In total three planning applications for the £571m station and other surrounding areas were put forward to the planning committee during a ‘virtual’ meeting – and all were approved with WSP and Grimshaw Architects working heavily on the project.

The announcement – which comes ahead of the HS2 Economic Growth Conference – continues to see HS2 move forward in 2020, after receiving both Government backing and the thumbs up for Parliament to kickstart works. The project will be the first intercity terminus station built since the 19th century.

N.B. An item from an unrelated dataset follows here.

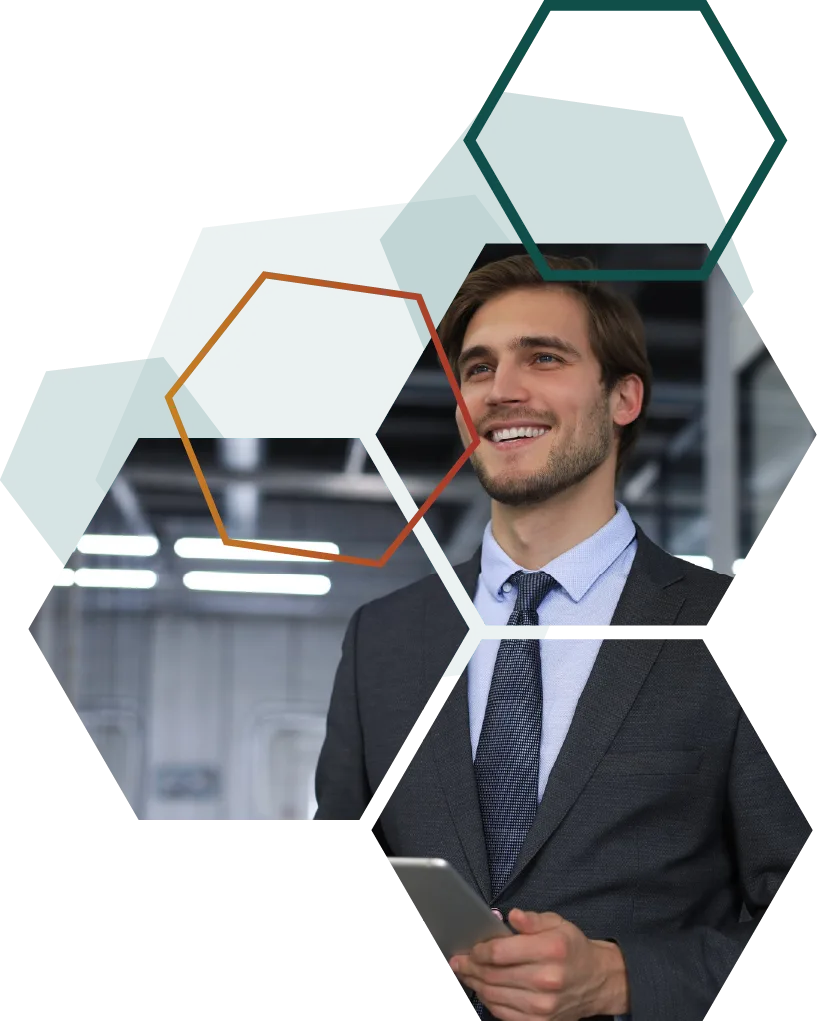 Smiling business professional in a suit holding a tablet, overlaid with hexagonal design elements. The image represents a modern, confident approach to business, reflecting the role of a trusted technology consulting & staffing partner.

Stations Director at HS2 Matthew Botelle said: “We’re extremely pleased to receive planning approval for HS2’s Curzon Street station in Birmingham. Our design also allows for future improvements to the public space to ensure inclusive, seamless transport connections for local people, provide opportunities for retail and commercial development, and help drive local investment and regeneration.”

The scheme is currently unprocured – after HS2 restarted the process after receiving a low level of interest initially from firms looking to bid. After some changes, including a cost increase of over £100m, HS2 are now looking to invite firms to tender in the summer as they search for a main contractor.

The development will have sustainability at heart – with plans to create a zero-carbon station in terms of operation, and to do this they will adopt the latest eco-friendly design and sustainble technologies including capturing rainwater and sustainable power generation, with over 2,800m2 of solar panels located on platform canopies. It’s designed to meet a BREEAM Excellent standard.

The surrounding public realm will include parkland lawns, rain gardens to capture water, wildflower grassland, insect/bird boxes, forest-scale tree planting across the site and an area of new broadleaf woodland which will provide a natural habitat for wildlife.

A Council report said: “The design is truly world class. The elegant and (deceptively) simple form of the main station building clearly reads as a railway station and harks back to traditional station architecture, delivering this in a confident and contemporary way.”